Caso Mollicone /1, una sentenza che non fa giustizia. La battaglia per la verità continua

Il verdetto d’appello ha ritenuto insufficienti le ragioni dell’accusa e mandato assolti i Mottola. Dopo 23 anni ancora non sappiamo chi ha ucciso Serena.

Giustizia non è fatta. La sentenza d’appello per l’omicidio di Serena Mollicone, che ha mandato assolta come già in primo grado la famiglia Mottola, non mette la parola fine su uno dei casi di cronaca nera più angoscianti e controversi degli ultimi anni. Il brutale omicidio resta impunto, il killer o i killer della giovane di Arce a piede libero, i familiari della vittima e la sorella del vicebrigadiere morto suicida dopo aver testimoniato sul caso, come anche i tanti manifestanti con la maglietta con la scritta “Serena vive” presenti fuori dall’aula di giustizia, continuano a reclamare una verità che dopo 23 anni dal fatto ancora non esiste.

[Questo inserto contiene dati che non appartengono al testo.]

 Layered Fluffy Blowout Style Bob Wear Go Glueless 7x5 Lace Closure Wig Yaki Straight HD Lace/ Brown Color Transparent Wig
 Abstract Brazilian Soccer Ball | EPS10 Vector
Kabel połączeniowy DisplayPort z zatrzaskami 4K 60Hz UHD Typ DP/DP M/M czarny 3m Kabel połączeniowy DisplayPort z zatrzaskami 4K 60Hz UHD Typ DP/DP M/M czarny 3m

«Tanto c’è la giustizia divina!»ha gridato uno dei manifestanti alla lettura della sentenza. “Sono amareggiata. Questa non è giustizia” ha commentato amara Consuelo Mollicone, sorella di Serena. Deluso anche lo zio Antonio Mollicone, che però non molla di un millimetro: «Come familiare di Serena – ha aggiunto – ho il dovere di fare in modo che la giustizia e la verità vengano a emergere, perché mi sembra che non siano ancora emerse». Parole amare anche quelle di Maria Tuzi, la figlia del vicebrigadiere Santino morto suicida nel 2008 dopo aver dichiarato di aver visto Serena entrare in caserma e di non averla più vista uscire: “Mi aspettavo una condanna. In aula gli elementi ci sono stati, i testimoni hanno avuto coraggio e hanno detto quello che sapevano. Il cerchio si poteva perfettamente chiudere. Quindi è stata veramente una seconda delusione».

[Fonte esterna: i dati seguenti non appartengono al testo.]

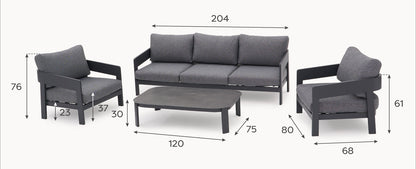 Coastline 3 Seater Aluminium Sofa Lounging Set - 1073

Serena Mollicone, uccisa a 18 anni il primo giugno del 2001

In effetti l’accusa era convinta di avere in mano tutti gli elementi per ribaltare il verdetto assolutorio di primo grado. Per questo aveva chiesto pene severe: 24 anni per Franco Mottola, 22 per la moglie Annamaria e 21 per il figlio Marco. Secondo la ricostruzione offerta nella requisitoria, Serena Mollicone, 18 anni, è viva quando la mattina del primo giugno 2001 entra nella caserma dei carabinieri di Arce e affronta per l’ultima volta Marco Mottola. Discutono una volta di più su questioni relative agli stupefacenti. Come affermato dal fidanzato di Serena, la ragazza intendeva denunciare il giovane per spaccio. All’apice del confronto verbale, Mottola cede a un raptus e le sbatte la testa contro una porta. La ragazza ora è lì, a terra, le sue accuse sono temporaneamente messe a tacere ma per quanto? Alla scena sono presenti i genitori di Marco, Annamaria e Franco, quest’ultimo maresciallo dell’Arma. Invece di soccorrere Serena, sempre in base all’impianto accusatorio, la famiglia mette in atto un piano per salvaguardarsi. La ragazza viene legata con “un nastro adesivo lungo circa 15 metri, più volte girato su se stesso e con molta precisione”. Quindi i genitori del giovane portano fino in fondo il proprio piano: imbavagliata e legata, Serena Mollicone viene abbandonata nel bosco di Fonte Cupa dove sarà ritrovata morta.

La ricostruzione è stata impegnativa e le evidenze scientifiche sembravano convergere nel definire la narrazione dell’accusa come l’unica davvero plausibile per spiegare la morte della ragazza di Arce. «Nel caso dell’omicidio di Serena Mollicone — hanno affermato i magistrati — gli elementi narrati non offrono mere ipotesi o giudizi di verosimiglianza, ma corrispondono a dati di fatto certi, gravi, precisi e concordanti, trattandosi di dati convergenti verso l’identico risultato». I giudici però l’hanno giudicata infondata. Ma la battaglia per la verità continua, anche in memoria di Guglielmo Mollicone, il padre della vittima, morto nel 2020 senza aver visto giustizia per la figlia.